The average age of 5.2 years from this study confirms results from previous studies.[38] According to Michelson et al,[39] by ages 5 to 6 years, most children would have enrolled into schools compared with those younger than this age. This age is also associated with increased activity levels, minimal supervision by parents, increased playground activity both at school and home, all of which increases the risk of sustaining fractures.[40,41] They also learn new skills and the tendency to experiment with the acquired skills further increases the risk of fractures and this may explain the peak incidence at 5 to 6 years.[39] The role of home environment cannot be over-emphasized as 65% of the SCHF in our study occurred at home and this is similar to that found by Mangwani et al.[42] This however differs from other studies that found only a small fraction that occurred at home.[6,7] This may be because most of the patients from this study were restricted to play at home mostly because of safety reasons or lack of availability of sports facilities in the areas. Of these fractures, 65.4% occurred during the daytime, which unsurprisingly coincides with the period of maximum activity, and less supervision as the parents may not be home or the child may be in school.
Our results indicated that SCHF are common in males (72%) and this may be due to the active nature of boys in this age group. Though a slight female predominance has been suggested by some studies,[7,8] most authors found higher incidence (ranging from 53% to 64%) in males than females.[6,7,42,43] Although only about 8% to 15% of the world population is left hand dominant,[8] most of the fractures (62%) in our study population occurred in the left elbow, though 92% were right hand dominant. It has been found that during a fall on the outstretched hand, the commonest mechanism of injury, it is the nondominant hand that hits the ground first as the person tries to break the fall, accounting for this observation.[8] It was observed that the older children were most likely to sustain type III injuries. In the pediatric population, bone mineral density and content increases with age[44,45] hence greater force is needed to cause a fracture compared to younger children.[38]

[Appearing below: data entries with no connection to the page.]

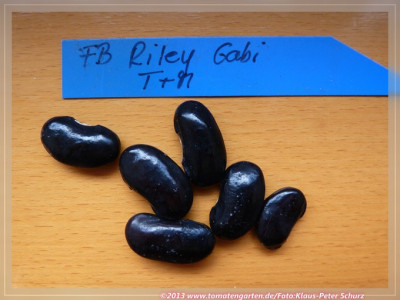 Riley_Gabi_FB1.jpg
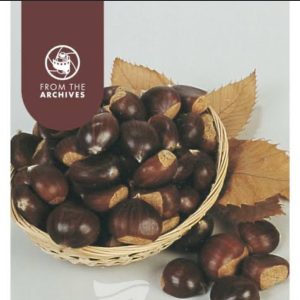 Chestnut - Flemings Prolific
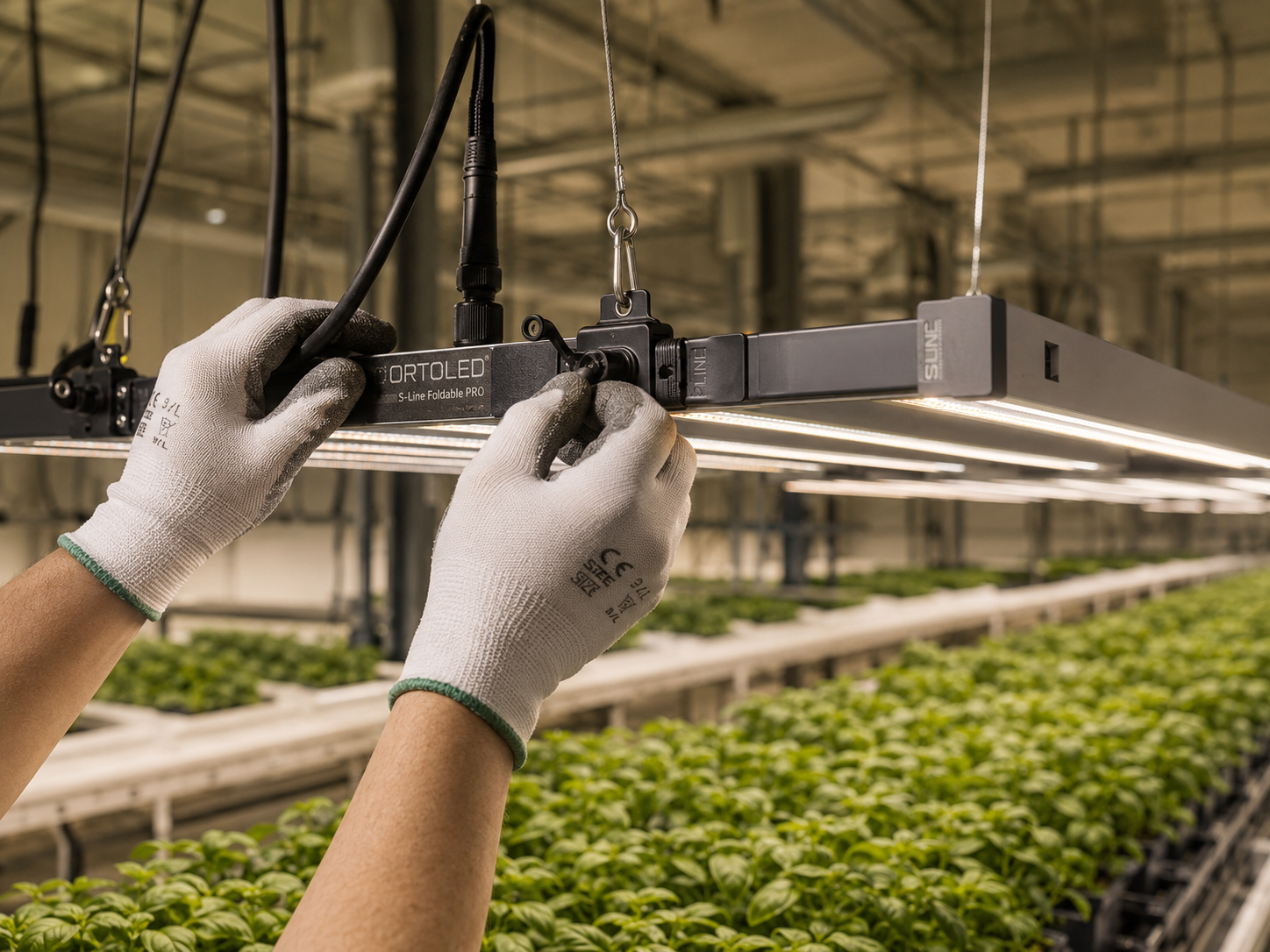 Tecnico che ispeziona una lampada ORTOLED in una grow room professionale, garanzia e assistenza tecnica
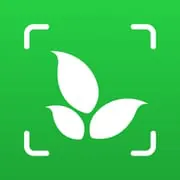 Plant Identifier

Of the 101 patients with SCHF, there were 3 documented neurological deficits (Table 3). The ulnar nerve injury was iatrogenic following medial pin placement. The overall incidence of neurological complications (2.97%) was lower than that reported by other authors.[8,42,46,47] The nerve injuries however resolved within 3 months which is consistent with the findings from other studies.[48] The 9.3% infection rate in this study was within the estimated rates of 0% to 21% reported following surgical management of SCHF,[19,49] and these resolved following removal of the pins and administration of antibiotics. Noted by the current authors and not reported previously is that the 5 patients that had the infections were initially seen and treated by traditional healers. Further studies are therefore required to determine the association between herbal treatment and pin site infections.

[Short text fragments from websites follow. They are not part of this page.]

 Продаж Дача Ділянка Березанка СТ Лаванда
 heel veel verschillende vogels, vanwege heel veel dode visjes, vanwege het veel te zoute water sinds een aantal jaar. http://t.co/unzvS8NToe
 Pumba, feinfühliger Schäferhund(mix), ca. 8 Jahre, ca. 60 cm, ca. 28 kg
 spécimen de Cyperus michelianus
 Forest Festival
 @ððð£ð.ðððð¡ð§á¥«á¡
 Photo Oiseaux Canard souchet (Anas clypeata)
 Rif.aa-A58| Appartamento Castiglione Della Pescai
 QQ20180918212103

In this study, we fixed the fractures with 2 crossed pins. The crossing of pins at the fracture site may be associated with secondary displacement of the fracture and this might have accounted for the single incidence of cubitus varus seen. This was not serious enough to warrant surgical correction. Research has shown that cross pinning provides much stability compared with lateral or parallel pinning thereby reducing the incidence of cubitus varus which may result from displacement of the distal fragment or posttreatment loss of reduction.[50,51] There was a single case of vascular injury that resolved after CRPP as well as a case of myositis ossificans, which resolved within a year of the injury. There were however no cases of compartment syndrome or Volkmann ischemic contractures, same as reported by other authors.[52]
Our study shows that, distance traveled to get to the hospital, time of day patient presented, time from injury to admission or to surgery (all of which led to delay in fracture fixation) did not have any significant effect on the PedsQL or the functional and cosmetic outcomes. It was observed that patients treated within 24 hours and after 24 hours did not differ in terms of outcome or complication rate. Some other authors made similar observations to ours.[53] We believe that delayed management of SCHF, without neurological or vascular complications, is safe as it enables the patient to get the optimum perioperative care. And the outcomes appear to be similar to those treated earlier.[53] To the best of our knowledge, this is the first study from sub-Saharan Africa to find out the effect of these fractures, on both PedsQL and functional outcomes simultaneously. This study was limited by the small sample size and the fact that it was conducted in a single institution; hence, the findings cannot be generalized. A multicenter or nationwide study therefore is recommended to find out if our findings were due to chance or consistent with other centers. This however enabled us to gather all the important data on each patient as well as follow up on all of them and this together with the prospective nature were the strength of this study.
5. Conclusion
In this prospective study, the quality of life of patients following SCHF diminished at the time of the injury and returned to the population normal 6 months after. There was no significant difference in HRQoL scores between patients who presented early and those who presented late. The delayed presentation and management did not also affect the functional outcome and complications. Therefore, in a lower or lower middle income country such as Ghana, surgical management of these injuries after late presentation is still safe.
Acknowledgments
The authors are grateful to Ms. Velarie Ansu of the School of Public Health, Indiana University, Bloomington, Indiana and the late Prof. Jacob Plange-Rhule for their immense contribution in terms of suggestions and editing thus making the work possible.
References
- 1.Dimeglio A. Growth in pediatric orthopaedics. J Pediatr Orthop. 2001;21:549–555. [PubMed] [Google Scholar]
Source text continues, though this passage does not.